Ratio control is basically a very simple flow feedforward model that involves a simple bias and gain applied to independent flow to compute the dependent flow. On a plot of dependent flow (Y-axis) versus independent flow (X-axis), the gain is the slope and the bias is the intercept. The feedforward multiplier and summer in a process controller for feedback correction of the ratio control would change the slope and bias, respectively. The slope is the ratio factor (delta dependent flow/ delta independent flow).

Nearly all PID blocks have internal feedforward functionality. Some PID blocks have feedforward multipliers besides feedforward summers but the internal structure is fixed and often difficult to understand and maintain. For ratio control, the feedback correction by multiplication or summation is best done outside of the PID block. The use of the Ratio block and Bias/Gain block provide the flexibility and visibility needed through its BKCAL and built-in features and options such as bumpless transfer to the existing ratio. In either case, the independent flow is the IN_1 input and the dependent flow is the IN input to the Ratio (RTO) block as shown in Slide 7 of RatioControl.pdf. The setpoint of the RTO block is the desired flow ratio and the PV is the actual flow ratio.

For a feedback correction by multiplication, the output of the process controller manipulates the ratio factor used in the multiplication of the independent flow. The RTO block is put in the CAS mode and the output of process feedback PID is connected to the CAS_IN of the RTO block. The output of the RTO block becomes the CAS_IN setpoint of the dependent flow loop.
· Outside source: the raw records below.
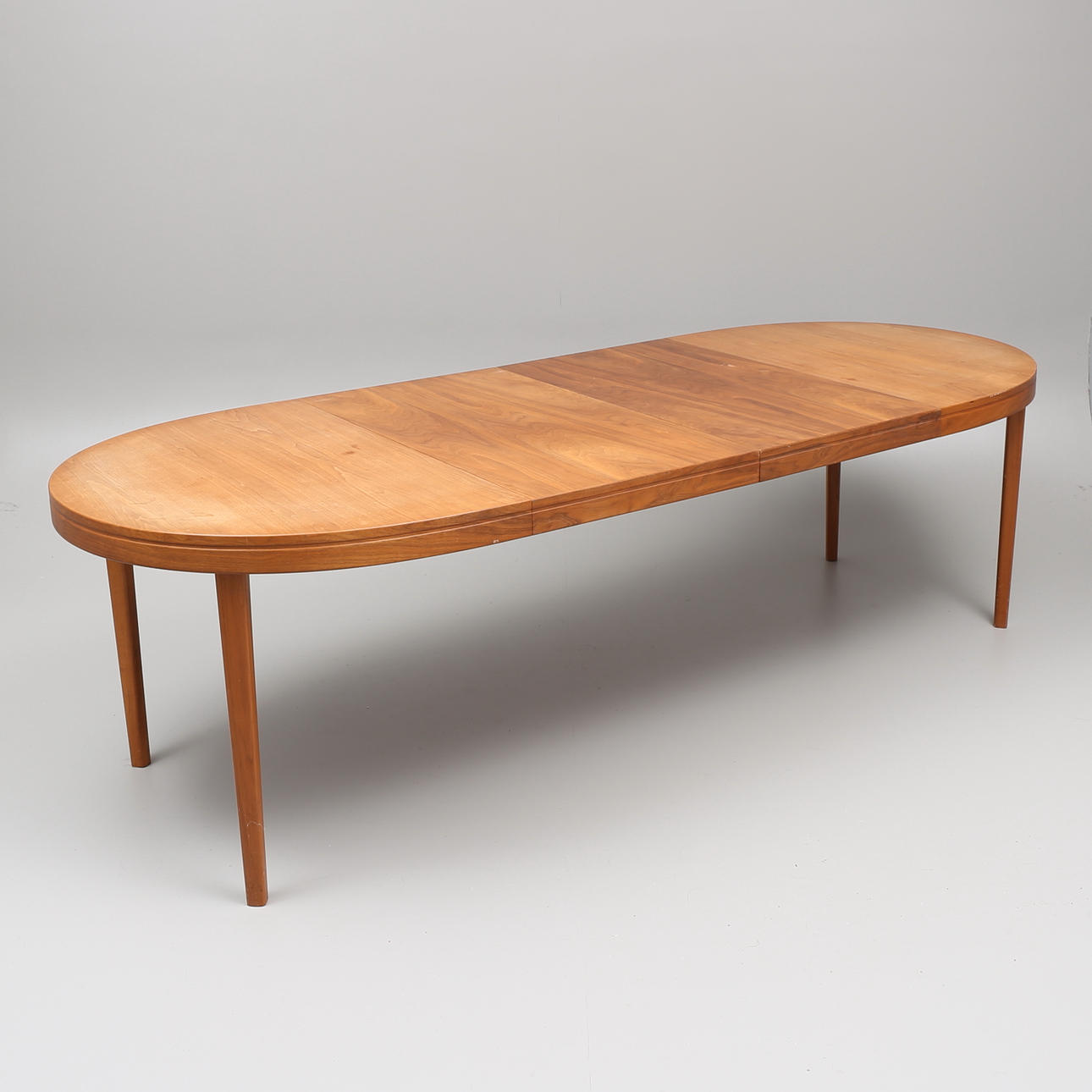 MATSALSBORD, Skaraborgs Möbelindustri Tibro, 1900-talets andra hälft.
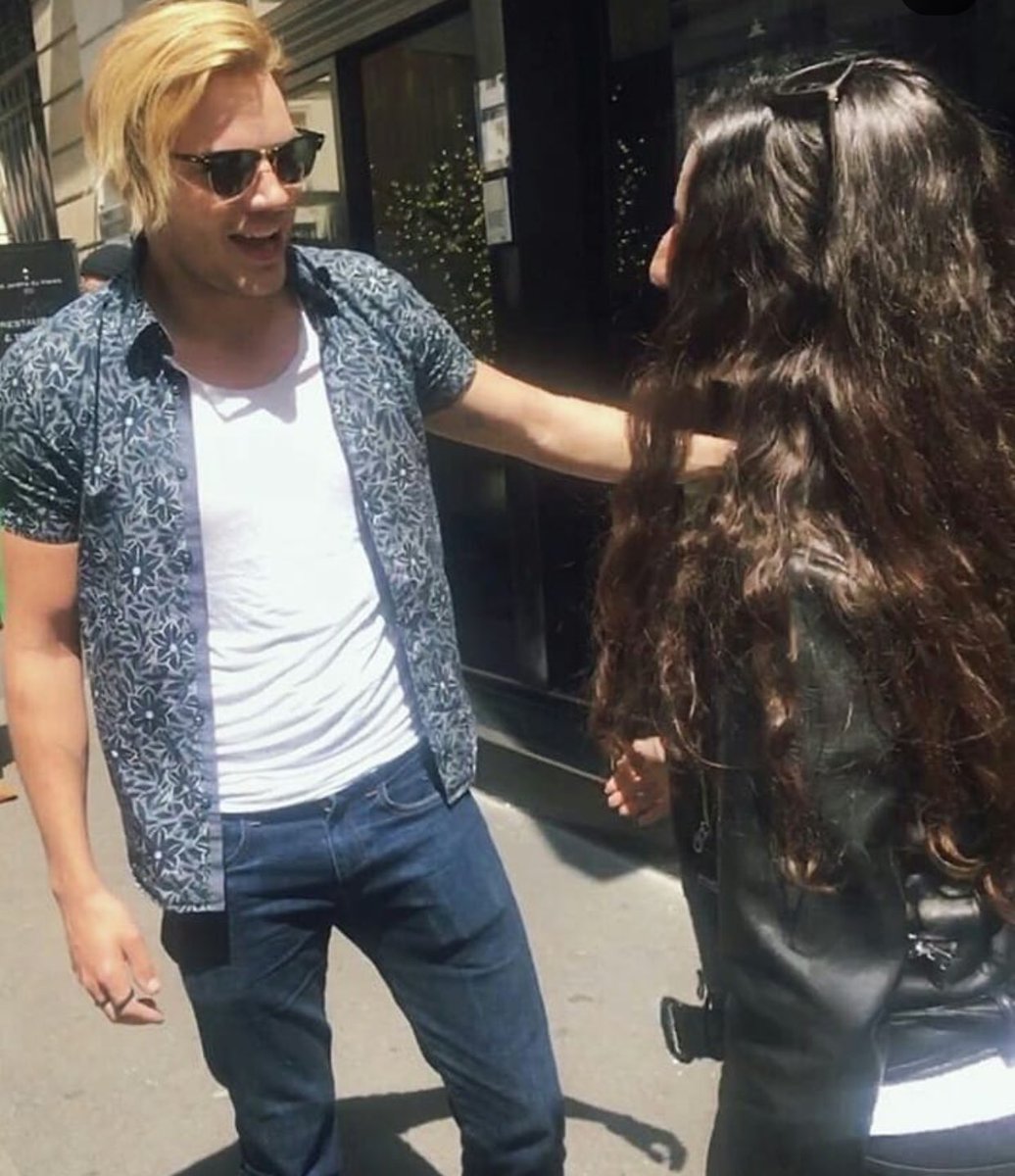domsherwoodbra's tweet photo. 📸| Novas fotos do @DomSherwood1 com fãs em Paris. 🖤 https://t.co/KHuOlZU7lO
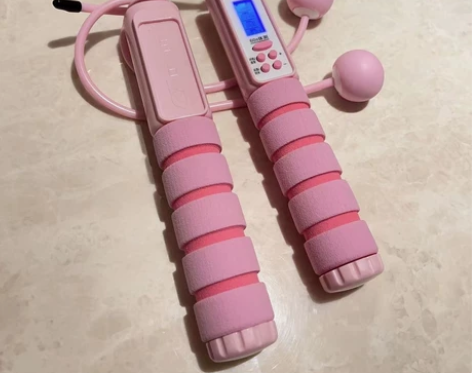 欧梵达（运动户外） 跳绳 买的是粉色的，小...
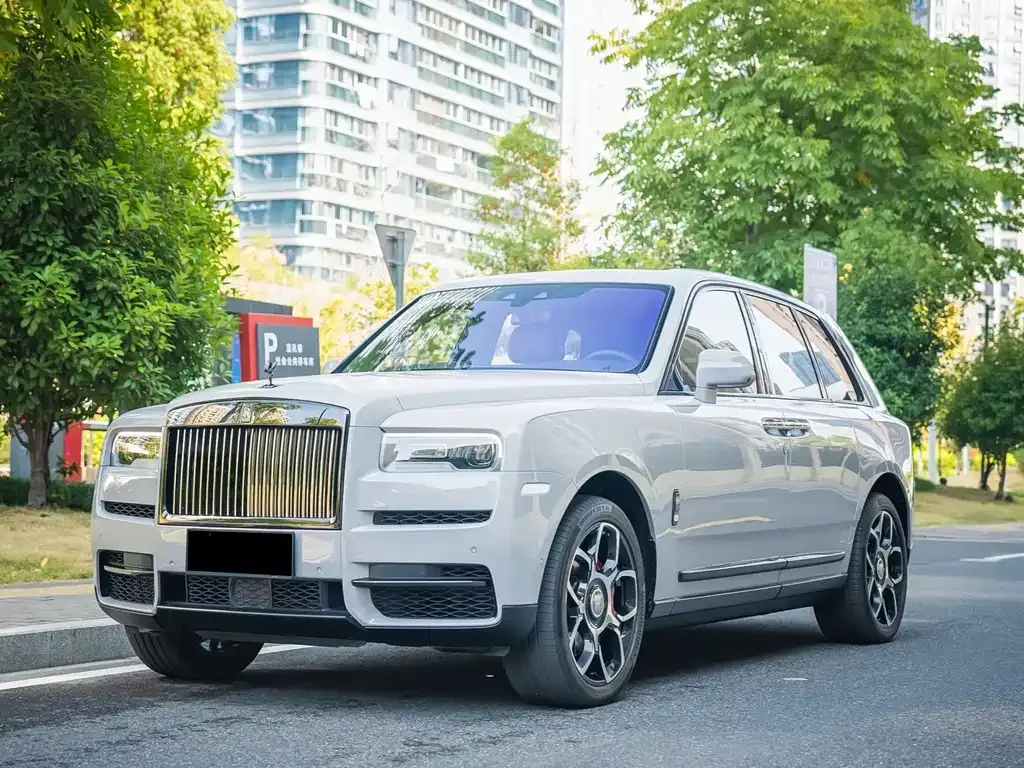 Rolls-Royce Cullinan — фото 1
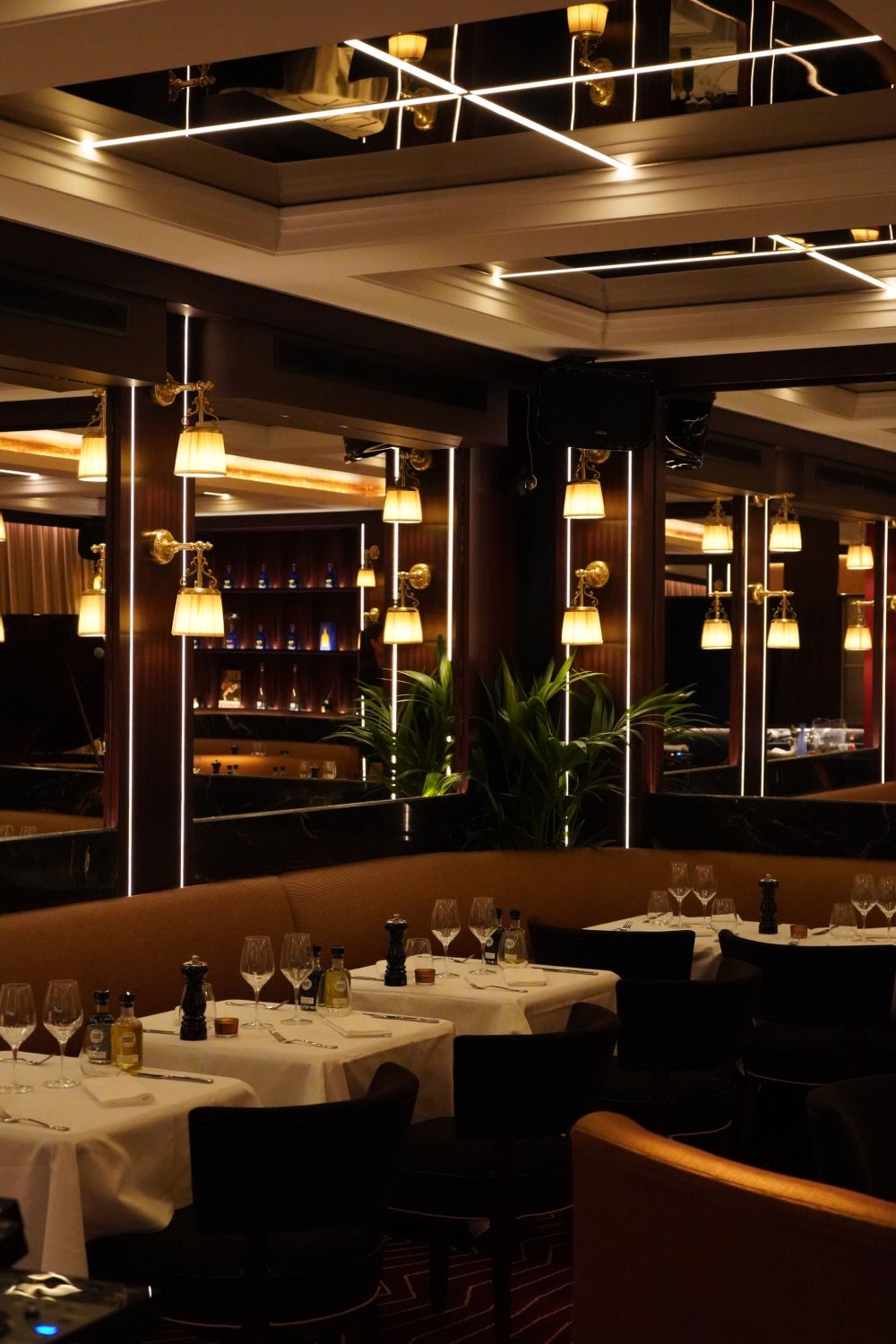 Elegant piano bar and restaurant in the center of Cannes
For a feedback correction by summation, the output of the process controller directly manipulates a bias after the multiplication of the independent flow by an operator set ratio factor. The RTO block is put in the AUTO mode and the operator adjusts the local setpoint (SP). The output of the RTO block becomes the input (IN) and the process feedback controller becomes the setpoint (SP) of a Bias/Gain (BG) block. The output of the BG block becomes the CAS_IN setpoint of the dependent flow loop.

A straightforward feedforward explanation can be found on pages 73-83 of the E-book posted on this site on April 3 titled Continuous Control Techniques for Distributed Control Systems. Just ignore the antiquated Figures 5-1a and 5-1b that offered a solution to the missing adjustable filter and time delay blocks back in the early days of the DCS. For more on the nuances of feedforward, check out the May 2008 Control Talk Column "Feeding on Feedforward:" http://www.controlglobal.com/articles/2008/171.html

To visualize and quantify the correction you can use Excel to plot on the Y axis the dependent flow and on the X axis the independent flow for various operating conditions (e.g. compositions and temperatures) so you have a family of lines. If the lines all intercept close to zero, then the slope or ratio factor is mostly changing and a feedforward multiplier would be the apparent choice as shown in Figure 5-2a on page 77 for a ratio of reagent to feed flow. This relationship holds for most blend, composition, pH, % solids, and temperature control systems in continuous (self-regulating) processes. In other words, if the feed flow goes to zero, the reagent, reactant, blend, or coolant flow should go to zero.

On the other hand, if the intercept varies and the slope is relatively constant, then a feedforward summer is the first choice as shown in Figure 5-2b on page 78 for a ratio of feed water flow to steam flow where the blow down flow shifts the operating line.

The steady state process gain for continuous processes is best seen on a plot of the controlled variable (temperature, composition, % solids, blend, and pH) on the Y-axis versus the ratio of manipulated flow (coolant, reactant, dilution, blend, and reagent flow) to the feed flow. These plots can be generated from the first principle equations in the Advanced Application Note 3 posted April 3 on this website or by simulation programs that use first principle equations. The result is a steady state process gain that is inversely proportional to the feed flow. By using a feedforward multiplier, you are effectively multiplying the controller output by the feed flow which cancels out the steady state gain.

So why are feed forward summers mostly used in industrial applications? The short answer is that they work well enough and are easy to implement and understand. You can do an awful lot with a bias correction. The feedback correction of nearly all advanced control tools such as model predictive control, neural network estimators, and partial least squares estimators use a simple bias that is a fraction of the error between the predicted value and the measured value.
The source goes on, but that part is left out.